WHAT IS NEEDED: Could you output each line below precisely as it stands, without the images?

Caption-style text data
☆ ☆ ☆

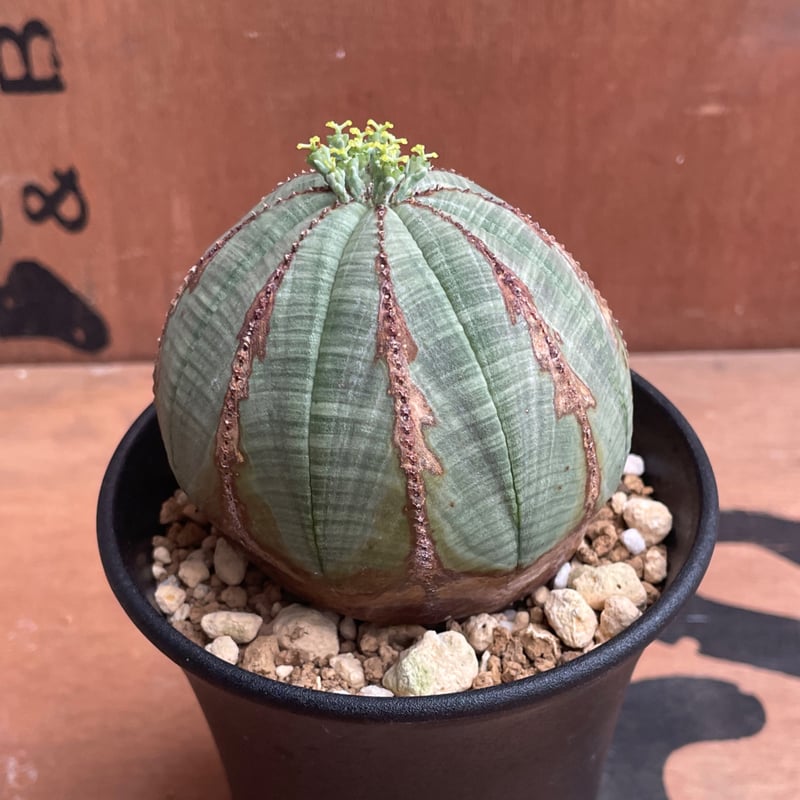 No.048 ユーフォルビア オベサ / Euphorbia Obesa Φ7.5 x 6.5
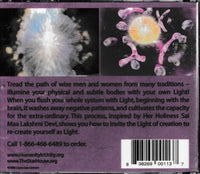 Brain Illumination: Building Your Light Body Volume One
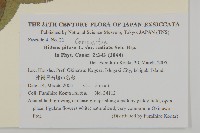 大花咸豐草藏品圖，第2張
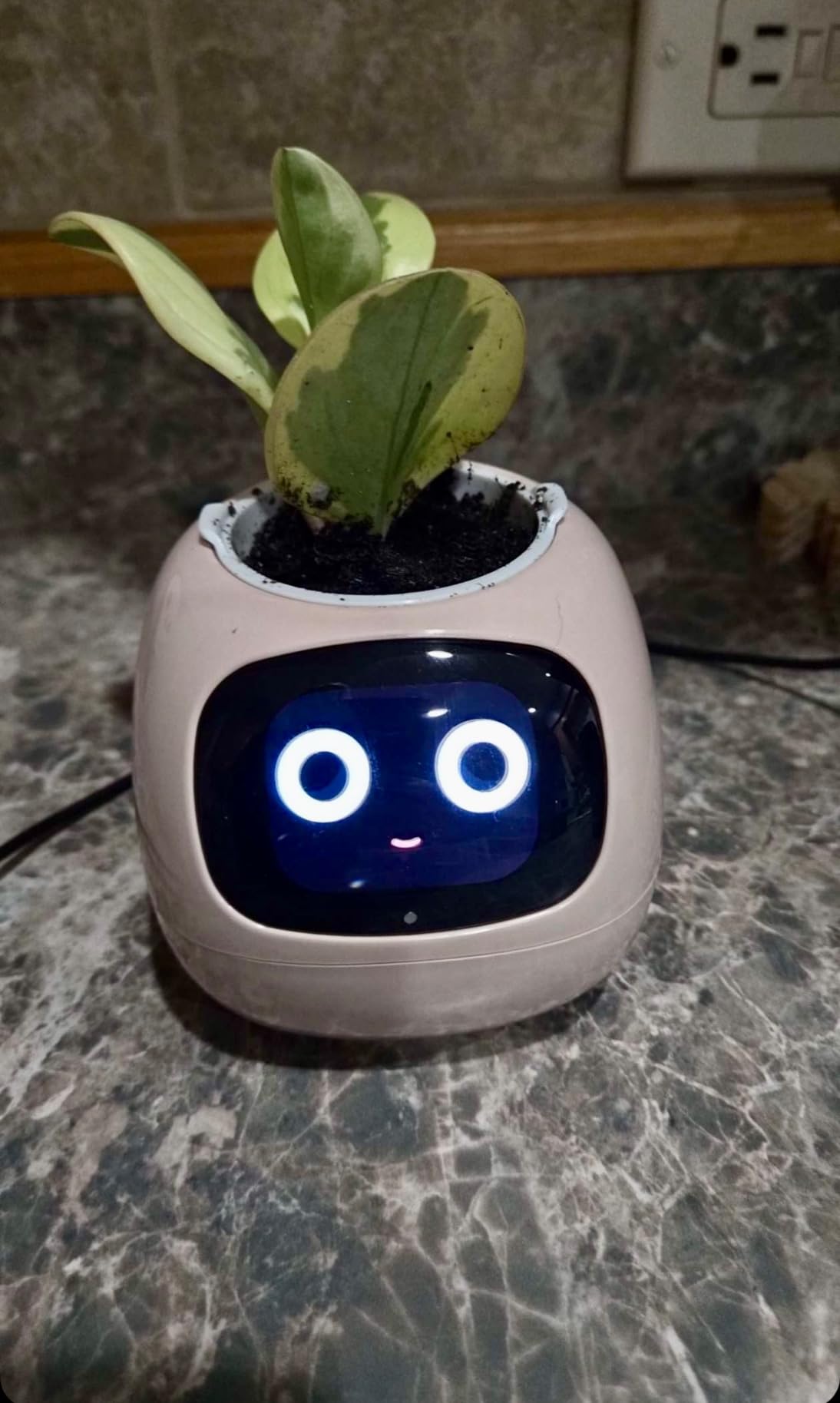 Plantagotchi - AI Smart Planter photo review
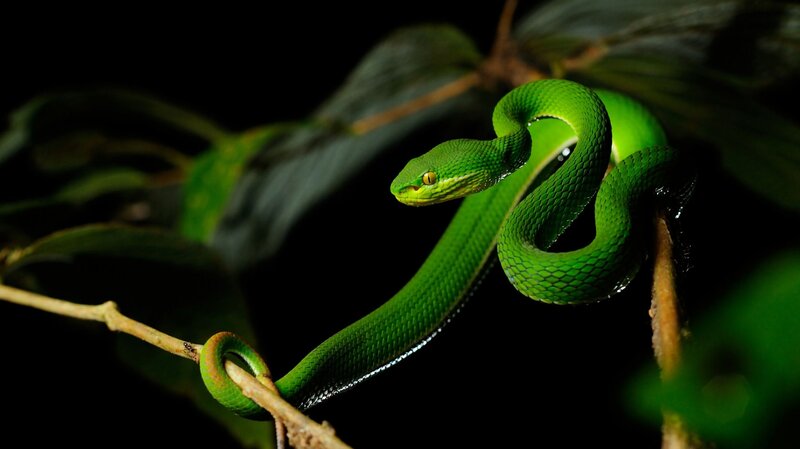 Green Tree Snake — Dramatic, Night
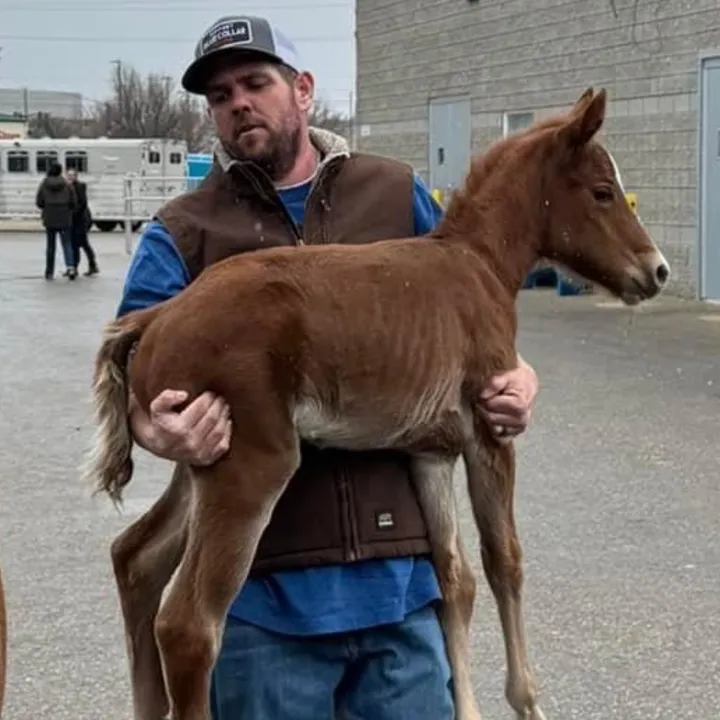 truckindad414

☆ ☆ ☆

EXERCISE OUTPUT:
 No.048 ユーフォルビア オベサ / Euphorbia Obesa Φ7.5 x 6.5
 Brain Illumination: Building Your Light Body Volume One
 大花咸豐草藏品圖，第2張
 Plantagotchi - AI Smart Planter photo review
 Green Tree Snake — Dramatic, Night
 truckindad414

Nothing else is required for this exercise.